Exchanging data between a local endpoint and associated remote endpoints and synchronizing consensus states among bound endpoints are part of the features of this Libertas Cluster Library.
Two data structures are defined:
libertas_ep_data_local
libertas_ep_data_remote
Initialization
The developer is required to implement this function.
void libertas_impl_init_device();
In this example, the initialization performs the following:
- Initialize the hardware, including the LED (the light) and the button.
- The device is a USB dongle. If the user holds the button while powering up and continues holding up for 10 seconds, the device shall perform a “factory reset.” The initial detection is in this function.
- Initialize the local endpoints.
- Report the initial on/off state attribute (always off initially) to bound peers
- Load persistent configuration from flash memory using Flash DB API
Initialize Local Endpoints
The developer is responsible for initializing the local endpoints.
This device has two endpoints:
1. The on/off light endpoint, `EP_LOAD`
2. The Thing-App endpoint, `EP_APP`
libertas_update_local_ep
Updating Attributes
In the initialization code, the firmware must report the initial on/off state attribute (always off initially) to bound peers.
Macro LIBERTAS_UPDATE_ATTR(ep_data,cluster_id,attr_id,action,exclude)
LIBERTAS_UPDATE_ATTR
is used to update an attribute. In this example:
const libertas_ep_data_local* ep_load_data = libertas_get_ep_data_local(EP_LOAD);
LIBERTAS_UPDATE_ATTR(
ep_load_data,
LIBERTAS_CLUSTER_GEN_ON_OFF,
LIBERTAS_ATTR_ON_OFF,
LIBERTAS_ATTR_ACTION_REPORT,
NULL);
The first argument is a pointer to a local endpoint. The second argument is a cluster ID.
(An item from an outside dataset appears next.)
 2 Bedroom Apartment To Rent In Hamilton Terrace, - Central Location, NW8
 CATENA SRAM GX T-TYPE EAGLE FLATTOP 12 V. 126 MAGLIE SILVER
- The third argument is an attribute ID.
- The fourth argument is an action
- This device is a load device, so it sends a report (
LIBERTAS_ATTR_ACTION_REPORT
) to all bound peers - If this device is not a load, e.g., a light switch, we should use
LIBERTAS_ATTR_ACTION_QUERY
to query the bound peer
- This device is a load device, so it sends a report (
- The fifth argument is a remote endpoint to exclude. We will discuss it later.
Note the macro only “marks” the attribute for reporting. It does not send the report right away. The report will be sent out as soon as possible.
- Multiple calls of
LIBERTAS_UPDATE_ATTR
can be made. The attributes may be queued as a batch and sent out within a single report message - Every time an attribute is changed,
LIBERTAS_UPDATE_ATTR
shall be called to make the attribute toLIBERTAS_ATTR_ACTION_WRITE
orLIBERTAS_ATTR_ACTION_REPORT
- Attributes are states instead of history. Only the last modified value counts. If an attribute is modified too fast, some changes will automatically be “skipped,” and only the last modified will be sent out
- Note that this call doesn’t care about the attribute value. When the actual attribute message is composed, the values will be asked again through a call to
libertas_impl_get_local_attr_sets.
The developer must implement that function to supply the values.
Macro LIBERTAS_UPDATE_ATTR_SET(ep_data,cluster_id,attr_set,action,exclude)
LIBERTAS_UPDATE_ATTR_SET
is used to update every attribute in an attribute set.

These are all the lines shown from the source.